WITH AN INTERNET SERVICE PROVIDER, VALID EMAIL ADDRESS, AND A WEB BROWSER THAT SUPPORTS SSL WITH 128-BIT
ENCRYPTION (EXAMPLE: MICROSOFT INTERNET EXPLORER V5 OR V6).
ATTENTION PROVIDERS
LA MEDICAID RECENTLY INFORMED PROVIDERS THAT THE 2006 ICD-9-CM DISEASE
AND PROCEDURE CLASSIFICATION UPDATE WAS COMPLETE AND THAT VALID CODES MUST BE USED ON CLAIM SUBMISSIONS WITH DOS 10-1-05 FORWARD. DELETED OR
INVALID CODES WERE PLACED IN NON-PAY STATUS, RESULTING IN DENIAL ERROR 433. TO ALLOW PROVIDERS TO MAKE NECESSARY CHANGES IN THEIR CLAIM
SYSTEMS, EFFECTIVE IMMEDIATELY UNTIL MARCH 1, 2006, ERROR 433 WILL BE 'EDUCATIONAL
ONLY' FOR CLAIMS WITH INVALID CODES. FOLLOWING THE GRACE PERIOD AND PROVIDER NOTIFICATION, CLAIM WILL AGAIN DENY WITH ERROR 433.

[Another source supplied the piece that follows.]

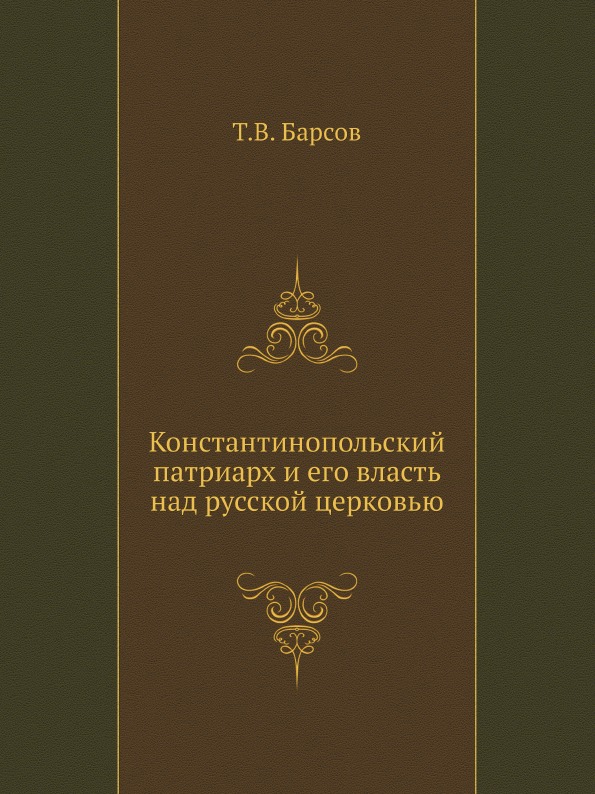 

Константинопольский патриарх и Его Власть над Русской Церковью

FOR INFORMATION REGARDING ICD-9-CM OFFICIAL GUIDELINES FOR CODING AND REPORTING, PROVIDERS MAY ACCESS THE CMS WEBSITE AT
HTTP://WWW.CMS.HHS.GOV/ICD9PROVIDERDIAGNOSTICCODES/
GUIDELINES FOR PROVIDERS TO RESOLVE BILLING
ISSUES
TO EFFECTIVELY ASSIST PROVIDERS WITH BILLING AND CLAIM PROCESSING
ISSUES, IT IS NECESSARY FOR ALL PROVIDERS TO FOLLOW THE PROCEDURES IN PLACE FOR HANDLING THESE PROBLEMS, AS SHOWN BELOW:
1. PROVIDERS ARE TO DIRECT ALL BILLING AND CLAIM PROCESSING QUESTIONS TO
THE UNISYS PROVIDER RELATIONS INQUIRY UNIT AT (800)473-2783 OR (225) 924-5040.
2. IF INQUIRY UNIT PERSONNEL ARE UNABLE TO RESOLVE THE ISSUE, THE
INQUIRY UNIT STAFF WILL FORWARD A REQUEST FOR PROVIDER CONTACT TO THE APPROPRIATE UNISYS REGIONAL FIELD ANALYST. THE FIELD ANALYST WILL
CONTACT THE PROVIDER TO DISCUSS THE ISSUE AND RESOLVE IT VIA TELEPHONE OR SCHEDULE A FIELD VISIT TO PURSUE ADDITIONAL INFORMATION TO REACH A
SATISFACTORY CONCLUSION.
3. IF THE FIELD ANALYST IS UNABLE TO RESOLVE A PROVIDER'S BILLING
ISSUES, THE FIELD ANALYST WILL FORWARD THE ISSUE TO THE DHH STATE OFFICE FOR CONSULTATION. THE DHH STATE OFFICE WILL RESPOND TO THE FIELD ANALYST
WHO WILL IN TURN NOTIFY THE PROVIDER.